Reagan’s eyes snagged on her hands, on the fingers twisting nervously.

He had hoped for better news. The patrols he’d dispatched after the Scions had yet to locate the Order’s members.

“Still missing,” Reagan said. “But we have battle mages searching for them.”

“You want to keep Varian here, Reagan?” Finn asked. “Isn’t it too risky?”

“He will only be allowed in the estate during meetings,” Reagan said, the weight of the decision in his tone. “And no longer. His residence is still in Ashenagth.”

Barracus was already arranging measures to ensure that his degenerate of a cousin would only enter the Hall at set times. Reagan planned to reiterate the rules and the consequences if Varian dared to step out of line.

Part of him wished Varian would defy them, giving him the excuse for a thorough punishment. He could almost taste the cinders of Varian’s blood boiling beneath his skin. Almost see the blisters forming.

It was a dangerous game he decided to play.

“Were you waiting to tell us when he first appeared here?” Cerridwen’s gaze shot daggers. “He’ll seize any opportunity to undermine you.”

“Let him,” Reagan said sharply, swirling the tea in his mug, wishing he could pour a measure of the liquor beside his bed into it. "If I were afraid of what Varian might say, I wouldn’t want me ruling either. He will not be present for sensitive matters, and that is final."

“I am not attending these meetings,” Gwinifer muttered, crossing her arms. “Unless you want me to kill him, I can’t.”

“You will,” he said firmly. “Unless you want Heil to replace you in staff meetings from now on.”

Her eyes snapped to his, narrow with anger. He treated Gwin like his equal, yes, but she understood hierarchy. He wasn’t asking as her brother, and her seat on the staff could be given to the captain of battle mages without a second thought.

“Is this the man who took Jane against her will?” Joy asked coolly, not really looking at Reagan.

He knew Joy despised him, but that wasn’t why she averted her eyes or why Jan was so fiercely protective of her.

Cerridwen shook her head in disapproval.

“Varian will be watched at all times while he is here,” Reagan said. “And your sister doesn’t have a thing to worry about.”

Jane’s eyes narrowed sceptically.

When he met her gaze, the well of his power surged.

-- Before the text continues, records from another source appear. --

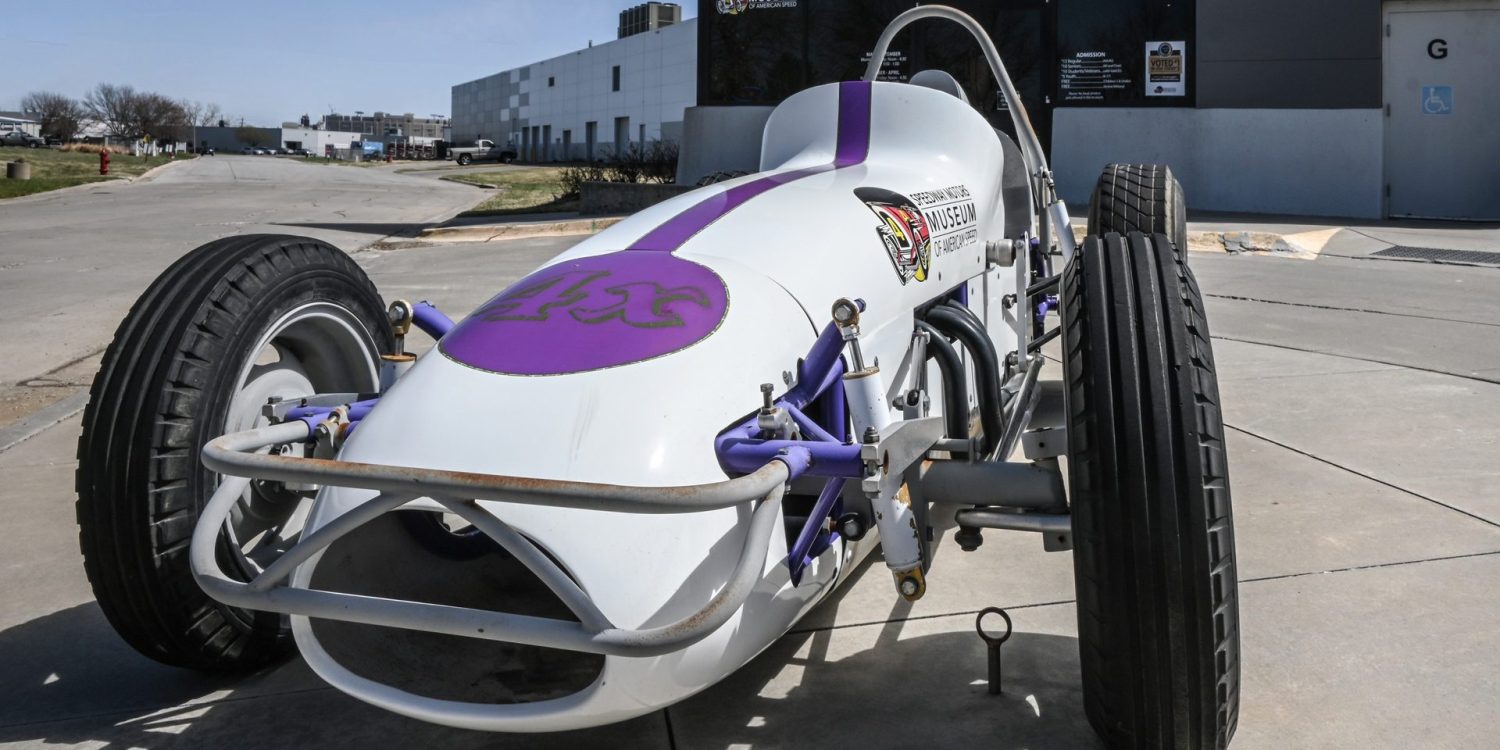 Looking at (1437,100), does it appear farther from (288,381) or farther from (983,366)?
(288,381)

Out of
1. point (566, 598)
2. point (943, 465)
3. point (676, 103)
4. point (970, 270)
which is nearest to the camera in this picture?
point (566, 598)

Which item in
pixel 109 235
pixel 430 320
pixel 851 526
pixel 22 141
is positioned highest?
pixel 22 141

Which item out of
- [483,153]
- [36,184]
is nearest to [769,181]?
[36,184]

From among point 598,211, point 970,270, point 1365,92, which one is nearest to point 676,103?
point 598,211

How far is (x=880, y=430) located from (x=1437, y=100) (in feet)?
58.9

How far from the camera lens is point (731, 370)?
2666mm

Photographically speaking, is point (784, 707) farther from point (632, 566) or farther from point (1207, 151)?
point (1207, 151)

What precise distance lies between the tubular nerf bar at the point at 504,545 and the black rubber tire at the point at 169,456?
736 millimetres

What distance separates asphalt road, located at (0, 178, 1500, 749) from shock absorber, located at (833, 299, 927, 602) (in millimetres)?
455

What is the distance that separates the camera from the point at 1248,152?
17.5 m

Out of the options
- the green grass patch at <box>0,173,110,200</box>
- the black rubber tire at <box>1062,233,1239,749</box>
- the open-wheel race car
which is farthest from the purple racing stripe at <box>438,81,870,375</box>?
the green grass patch at <box>0,173,110,200</box>

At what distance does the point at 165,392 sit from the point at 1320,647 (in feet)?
10.1

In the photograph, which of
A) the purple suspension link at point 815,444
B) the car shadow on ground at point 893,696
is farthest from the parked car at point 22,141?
the purple suspension link at point 815,444

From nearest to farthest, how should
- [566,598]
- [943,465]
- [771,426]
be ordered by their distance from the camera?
1. [566,598]
2. [771,426]
3. [943,465] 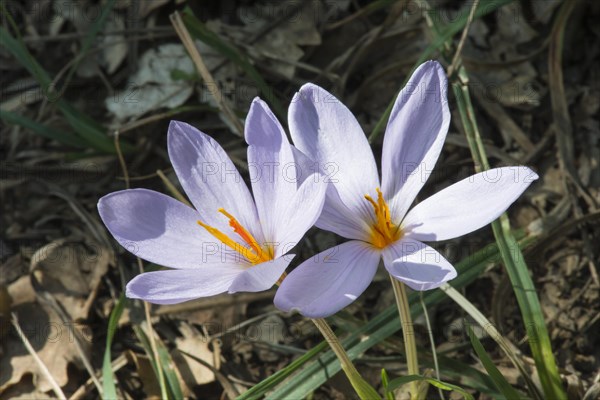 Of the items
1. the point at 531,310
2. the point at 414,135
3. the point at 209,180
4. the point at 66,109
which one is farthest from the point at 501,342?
the point at 66,109

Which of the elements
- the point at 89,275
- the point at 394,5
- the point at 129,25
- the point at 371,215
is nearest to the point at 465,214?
the point at 371,215

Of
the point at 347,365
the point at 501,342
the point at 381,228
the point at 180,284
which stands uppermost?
the point at 180,284

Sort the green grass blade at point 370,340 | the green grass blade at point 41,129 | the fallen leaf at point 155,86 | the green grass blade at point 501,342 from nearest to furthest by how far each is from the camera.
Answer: the green grass blade at point 501,342 → the green grass blade at point 370,340 → the green grass blade at point 41,129 → the fallen leaf at point 155,86

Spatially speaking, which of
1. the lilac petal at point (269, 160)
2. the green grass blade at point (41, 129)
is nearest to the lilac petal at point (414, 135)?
the lilac petal at point (269, 160)

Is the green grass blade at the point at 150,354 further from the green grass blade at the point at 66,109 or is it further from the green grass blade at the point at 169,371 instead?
the green grass blade at the point at 66,109

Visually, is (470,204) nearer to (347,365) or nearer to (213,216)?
(347,365) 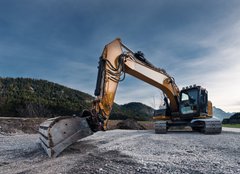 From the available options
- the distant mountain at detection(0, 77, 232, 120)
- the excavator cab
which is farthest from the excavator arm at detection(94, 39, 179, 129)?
the distant mountain at detection(0, 77, 232, 120)

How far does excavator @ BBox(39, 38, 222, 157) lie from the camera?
4.35 metres

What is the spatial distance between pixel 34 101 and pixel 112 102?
19764 mm

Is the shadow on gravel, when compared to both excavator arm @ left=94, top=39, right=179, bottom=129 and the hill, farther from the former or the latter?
the hill

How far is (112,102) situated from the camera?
6.23 m

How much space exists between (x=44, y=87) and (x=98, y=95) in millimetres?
30425

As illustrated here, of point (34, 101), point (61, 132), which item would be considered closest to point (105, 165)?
point (61, 132)

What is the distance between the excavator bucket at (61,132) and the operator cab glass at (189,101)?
19.2 ft

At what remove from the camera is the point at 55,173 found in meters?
3.00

Since the curse broke, he wasn't used to the strength coursing through him. It was one thing to struggle with it sometimes. It was another for it to surge so often, so violently. The effort of reining it in left Reagan undone in ways he knew were pathetic.

It wasn't only that he was accessing the full breadth of his access. It was her.

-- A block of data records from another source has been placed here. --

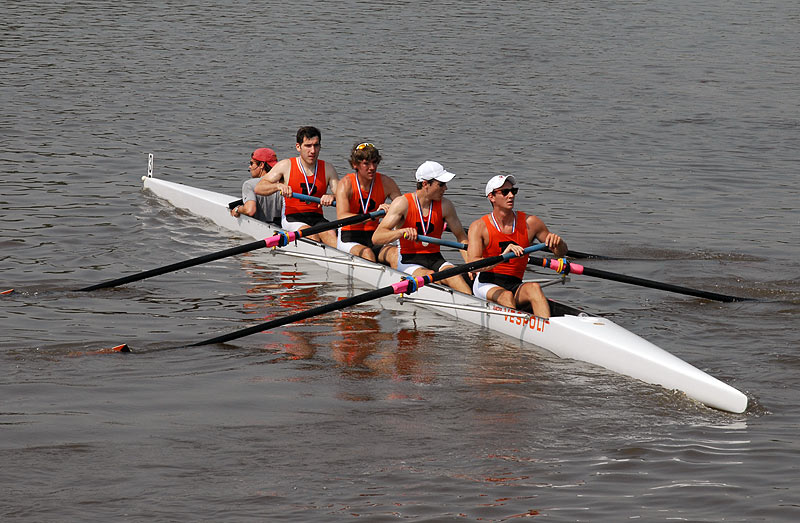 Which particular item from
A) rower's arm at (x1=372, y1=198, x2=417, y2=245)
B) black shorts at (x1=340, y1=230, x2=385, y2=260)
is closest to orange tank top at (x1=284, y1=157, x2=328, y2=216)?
black shorts at (x1=340, y1=230, x2=385, y2=260)

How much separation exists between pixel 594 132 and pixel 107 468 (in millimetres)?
17083

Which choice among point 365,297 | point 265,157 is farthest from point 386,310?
point 265,157

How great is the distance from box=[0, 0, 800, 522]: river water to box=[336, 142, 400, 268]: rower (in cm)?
58

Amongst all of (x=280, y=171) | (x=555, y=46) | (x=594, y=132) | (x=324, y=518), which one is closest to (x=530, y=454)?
(x=324, y=518)

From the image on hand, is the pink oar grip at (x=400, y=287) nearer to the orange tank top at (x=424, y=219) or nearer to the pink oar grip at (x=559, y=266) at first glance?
the orange tank top at (x=424, y=219)

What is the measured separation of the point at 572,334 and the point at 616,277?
1.28 m

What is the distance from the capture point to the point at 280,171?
14.1 metres

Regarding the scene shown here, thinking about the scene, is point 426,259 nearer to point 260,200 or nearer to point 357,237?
point 357,237

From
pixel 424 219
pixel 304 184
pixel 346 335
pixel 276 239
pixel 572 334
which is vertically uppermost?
pixel 304 184

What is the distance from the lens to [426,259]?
39.3 feet

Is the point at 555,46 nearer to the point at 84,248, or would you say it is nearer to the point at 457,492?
the point at 84,248

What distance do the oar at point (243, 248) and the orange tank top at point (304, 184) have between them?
155cm

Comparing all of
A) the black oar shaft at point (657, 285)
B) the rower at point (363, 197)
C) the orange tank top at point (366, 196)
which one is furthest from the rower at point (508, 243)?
the orange tank top at point (366, 196)

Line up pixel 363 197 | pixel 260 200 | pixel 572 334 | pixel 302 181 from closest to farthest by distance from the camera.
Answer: pixel 572 334 < pixel 363 197 < pixel 302 181 < pixel 260 200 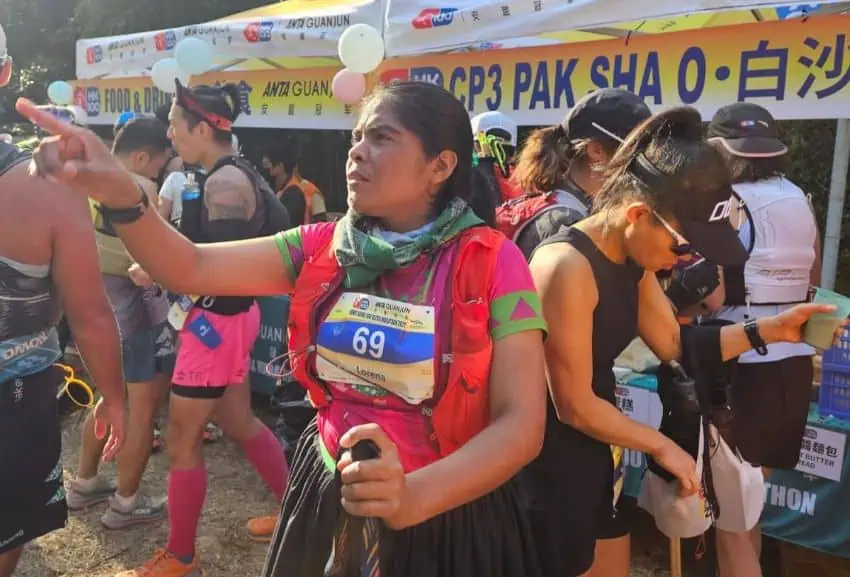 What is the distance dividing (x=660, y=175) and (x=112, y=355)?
1.60m

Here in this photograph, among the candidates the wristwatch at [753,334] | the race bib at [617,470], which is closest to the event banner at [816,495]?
the wristwatch at [753,334]

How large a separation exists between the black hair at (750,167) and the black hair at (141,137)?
2738 mm

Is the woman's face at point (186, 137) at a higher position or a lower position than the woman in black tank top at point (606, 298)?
higher

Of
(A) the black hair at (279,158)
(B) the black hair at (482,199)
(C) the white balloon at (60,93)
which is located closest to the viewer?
(B) the black hair at (482,199)

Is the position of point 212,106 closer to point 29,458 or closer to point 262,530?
point 29,458

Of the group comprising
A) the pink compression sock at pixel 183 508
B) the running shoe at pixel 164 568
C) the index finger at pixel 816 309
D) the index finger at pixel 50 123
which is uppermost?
the index finger at pixel 50 123

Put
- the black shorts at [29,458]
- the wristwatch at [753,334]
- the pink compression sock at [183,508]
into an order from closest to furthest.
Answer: the black shorts at [29,458], the wristwatch at [753,334], the pink compression sock at [183,508]

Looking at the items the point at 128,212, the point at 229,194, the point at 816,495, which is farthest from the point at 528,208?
the point at 816,495

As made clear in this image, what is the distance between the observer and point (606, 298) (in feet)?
6.21

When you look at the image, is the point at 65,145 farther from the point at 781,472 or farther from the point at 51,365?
the point at 781,472

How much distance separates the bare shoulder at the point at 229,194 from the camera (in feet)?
9.87

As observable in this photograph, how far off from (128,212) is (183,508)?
2.02 metres

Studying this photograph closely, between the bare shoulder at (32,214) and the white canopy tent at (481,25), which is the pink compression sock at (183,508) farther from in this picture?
the white canopy tent at (481,25)

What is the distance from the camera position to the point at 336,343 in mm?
1510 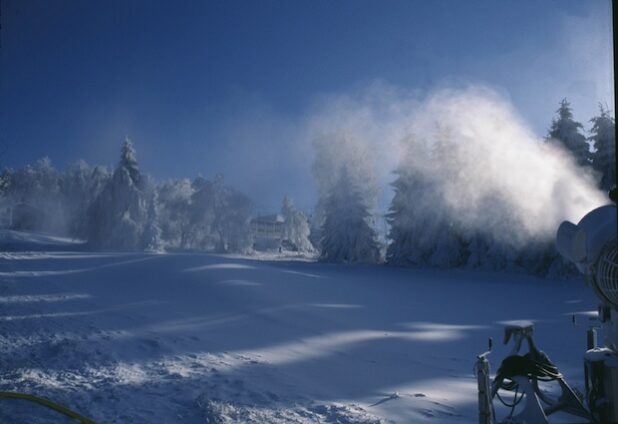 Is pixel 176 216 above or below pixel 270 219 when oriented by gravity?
below

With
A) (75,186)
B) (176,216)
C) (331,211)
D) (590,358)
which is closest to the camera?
(590,358)

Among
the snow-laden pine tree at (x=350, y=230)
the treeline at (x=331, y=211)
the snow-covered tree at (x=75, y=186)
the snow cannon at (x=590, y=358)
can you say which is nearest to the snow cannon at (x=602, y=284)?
the snow cannon at (x=590, y=358)

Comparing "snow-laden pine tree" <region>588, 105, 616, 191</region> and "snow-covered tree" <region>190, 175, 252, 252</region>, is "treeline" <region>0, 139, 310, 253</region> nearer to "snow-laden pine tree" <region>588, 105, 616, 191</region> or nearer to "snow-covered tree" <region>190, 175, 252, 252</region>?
"snow-covered tree" <region>190, 175, 252, 252</region>

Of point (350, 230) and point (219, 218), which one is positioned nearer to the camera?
point (350, 230)

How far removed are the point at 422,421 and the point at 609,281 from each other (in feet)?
9.56

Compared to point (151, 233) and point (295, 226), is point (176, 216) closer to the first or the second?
point (151, 233)

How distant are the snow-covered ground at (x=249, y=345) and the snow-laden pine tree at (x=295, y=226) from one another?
58095mm

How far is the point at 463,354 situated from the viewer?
8195 mm

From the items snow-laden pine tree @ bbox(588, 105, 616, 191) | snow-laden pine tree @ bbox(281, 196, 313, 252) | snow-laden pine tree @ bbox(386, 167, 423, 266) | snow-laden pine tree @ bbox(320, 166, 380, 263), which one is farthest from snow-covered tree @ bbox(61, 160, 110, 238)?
snow-laden pine tree @ bbox(588, 105, 616, 191)

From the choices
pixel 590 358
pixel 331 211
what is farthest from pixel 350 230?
pixel 590 358

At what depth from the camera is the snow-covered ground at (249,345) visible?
4984mm

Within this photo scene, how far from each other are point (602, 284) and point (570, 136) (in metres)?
28.2

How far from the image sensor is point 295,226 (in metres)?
80.6

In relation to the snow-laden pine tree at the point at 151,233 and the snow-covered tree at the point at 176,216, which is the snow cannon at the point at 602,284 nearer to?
the snow-laden pine tree at the point at 151,233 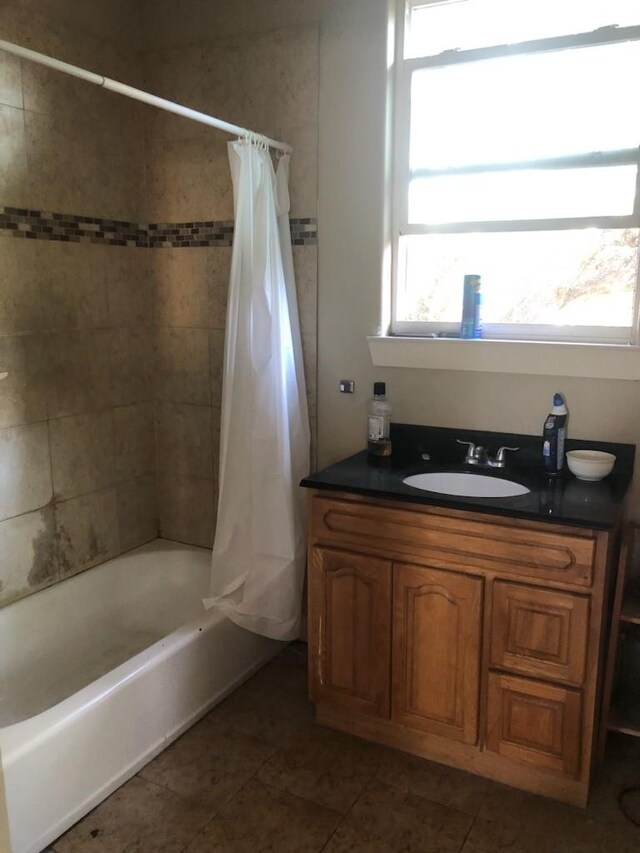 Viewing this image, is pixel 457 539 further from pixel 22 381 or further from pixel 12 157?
pixel 12 157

“He deceived me,” she admitted, stirring her fork absently. “And I fell for it, even though I should have sensed the glamour.”

“A glamour is not easy to identify,” Reagan cut in, a flicker of annoyance bleeding through his words. “It’s rooted in a relic, different from compulsion. If he’d used compulsion on you, you would have recognised it immediately. But Varian already knew I’d warded you.”

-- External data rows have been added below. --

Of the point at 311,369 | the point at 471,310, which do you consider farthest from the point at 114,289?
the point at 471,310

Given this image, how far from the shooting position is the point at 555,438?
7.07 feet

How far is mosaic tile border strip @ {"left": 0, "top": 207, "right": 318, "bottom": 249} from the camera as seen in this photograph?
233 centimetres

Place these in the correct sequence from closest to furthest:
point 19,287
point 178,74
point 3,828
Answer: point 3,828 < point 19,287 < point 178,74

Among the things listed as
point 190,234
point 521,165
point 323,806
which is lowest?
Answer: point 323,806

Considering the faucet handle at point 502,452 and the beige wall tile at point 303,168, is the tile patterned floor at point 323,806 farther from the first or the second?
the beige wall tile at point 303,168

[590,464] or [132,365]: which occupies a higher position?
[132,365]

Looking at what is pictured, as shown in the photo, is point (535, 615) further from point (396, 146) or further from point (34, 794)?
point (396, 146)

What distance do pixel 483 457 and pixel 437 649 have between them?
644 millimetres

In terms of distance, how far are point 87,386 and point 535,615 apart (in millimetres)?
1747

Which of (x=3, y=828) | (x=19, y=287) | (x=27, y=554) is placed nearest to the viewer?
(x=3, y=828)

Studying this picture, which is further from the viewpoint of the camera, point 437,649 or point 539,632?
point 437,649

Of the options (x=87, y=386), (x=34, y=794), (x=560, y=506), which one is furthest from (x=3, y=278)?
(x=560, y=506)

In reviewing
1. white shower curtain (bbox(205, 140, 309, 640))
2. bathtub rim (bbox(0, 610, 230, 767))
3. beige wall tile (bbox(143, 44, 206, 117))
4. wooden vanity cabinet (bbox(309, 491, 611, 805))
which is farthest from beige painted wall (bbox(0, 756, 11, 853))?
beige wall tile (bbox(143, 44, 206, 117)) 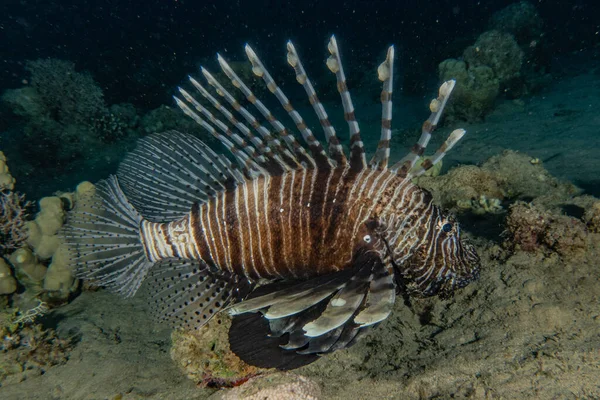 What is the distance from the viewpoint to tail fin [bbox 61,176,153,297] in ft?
10.8

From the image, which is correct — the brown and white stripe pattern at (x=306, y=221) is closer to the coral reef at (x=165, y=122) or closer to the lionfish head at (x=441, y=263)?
the lionfish head at (x=441, y=263)

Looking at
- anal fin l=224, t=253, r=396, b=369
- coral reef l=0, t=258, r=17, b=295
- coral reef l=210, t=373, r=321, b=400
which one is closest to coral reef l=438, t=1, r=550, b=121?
anal fin l=224, t=253, r=396, b=369

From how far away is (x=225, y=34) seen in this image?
25.7 metres

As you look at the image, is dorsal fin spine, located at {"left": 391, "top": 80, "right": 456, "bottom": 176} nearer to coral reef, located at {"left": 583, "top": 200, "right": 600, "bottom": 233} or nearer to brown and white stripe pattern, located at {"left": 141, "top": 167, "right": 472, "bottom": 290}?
brown and white stripe pattern, located at {"left": 141, "top": 167, "right": 472, "bottom": 290}

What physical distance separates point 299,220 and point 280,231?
0.18 metres

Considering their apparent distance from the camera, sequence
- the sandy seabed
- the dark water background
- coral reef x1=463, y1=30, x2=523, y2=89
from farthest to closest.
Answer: the dark water background → coral reef x1=463, y1=30, x2=523, y2=89 → the sandy seabed

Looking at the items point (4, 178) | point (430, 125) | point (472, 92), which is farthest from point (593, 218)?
point (472, 92)

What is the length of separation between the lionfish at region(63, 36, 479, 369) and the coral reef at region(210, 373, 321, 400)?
118 millimetres

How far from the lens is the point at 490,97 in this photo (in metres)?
10.2

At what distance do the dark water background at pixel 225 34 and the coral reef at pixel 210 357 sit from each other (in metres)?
10.4

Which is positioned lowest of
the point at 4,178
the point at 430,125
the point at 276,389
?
the point at 276,389

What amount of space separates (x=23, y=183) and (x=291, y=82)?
44.5 feet

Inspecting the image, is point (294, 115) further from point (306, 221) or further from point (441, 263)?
point (441, 263)

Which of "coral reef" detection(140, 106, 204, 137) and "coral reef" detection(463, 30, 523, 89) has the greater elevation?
"coral reef" detection(140, 106, 204, 137)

Reagan had tried. She was likely the only person in the Hall that night protected by something as paranoid as a ward. He’d taken precautions, but how could he have prepared for everything?

He studied the distress in every gaze around the table, lingering on a pair of hazel eyes.

“We will keep him close,” he said. “But you don’t need to stay in those meetings. He is cunning, yes, but also weak. And if I do this right, Varian will no longer pose a threat to Mountheim."

Jane stared at him, a furrow drawn between her brows.

He was sure she would be safe, and not only because he would be there. He'd seen her learn from her mistakes. That unbending defiance of hers and her sharp mind were her best weapons, and she wielded them well. So well that they struck straight through his heart until she burrowed there completely.

He'd seen the way she had outsmarted whoever had interfered with the curse, the way she had survived the cabin, survived the Northern Forest. Each survival only accelerating the process.

Reluctantly, the table nodded, and Reagan hoped he was doing the right thing.